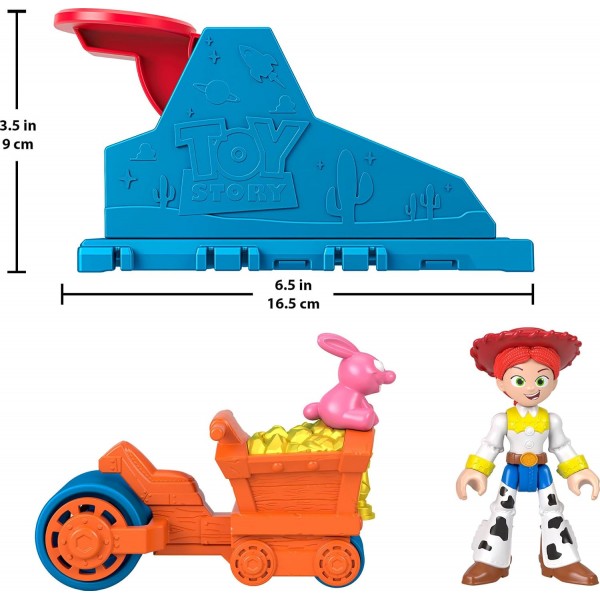 Jessie Fisher-Price Imaginext Toy Story Lanzador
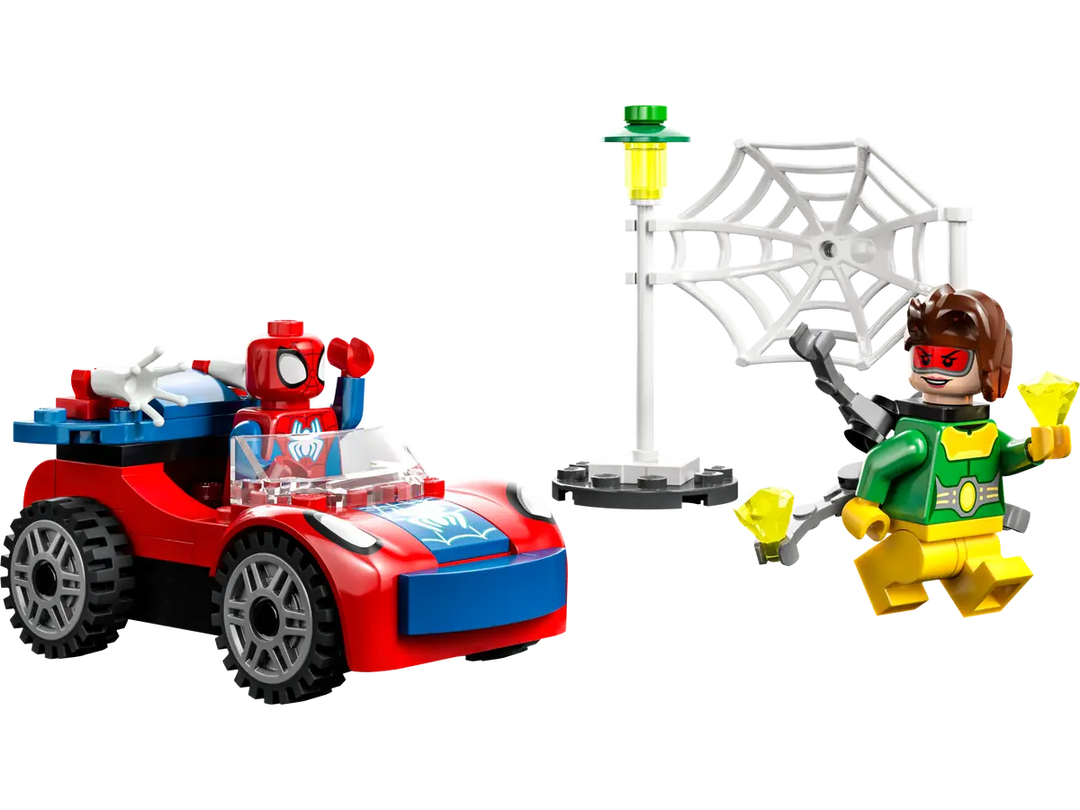 Lego Marvel Spider-Man Car and Doc Ock
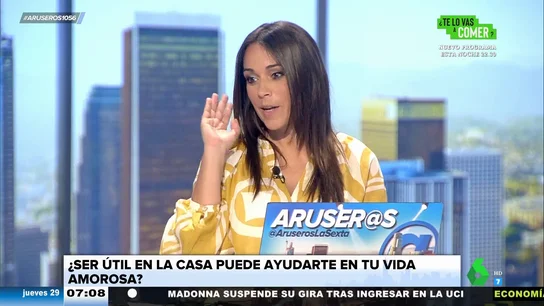 "Lo importante es cuidar el seto y utilizar bien la Black and Decker": los 'consejos' para ligar de Patricia Benítez "Lo importante es cuidar el seto y utilizar bien la Black and Decker": los 'consejos' para ligar de Patricia Benítez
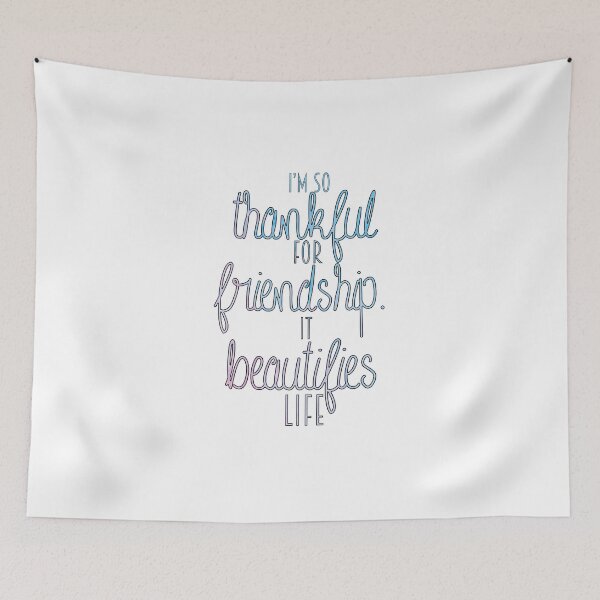 Item preview, Anne of Green Gables-Inspired "Friendship Beautifies" designed and sold by mulberrydragon.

Task goal =
Copy the lines above exactly. Do not include pictures.

Finished task =
 Jessie Fisher-Price Imaginext Toy Story Lanzador
 Lego Marvel Spider-Man Car and Doc Ock
 "Lo importante es cuidar el seto y utilizar bien la Black and Decker": los 'consejos' para ligar de Patricia Benítez "Lo importante es cuidar el seto y utilizar bien la Black and Decker": los 'consejos' para ligar de Patricia Benítez
 Item preview, Anne of Green Gables-Inspired "Friendship Beautifies" designed and sold by mulberrydragon.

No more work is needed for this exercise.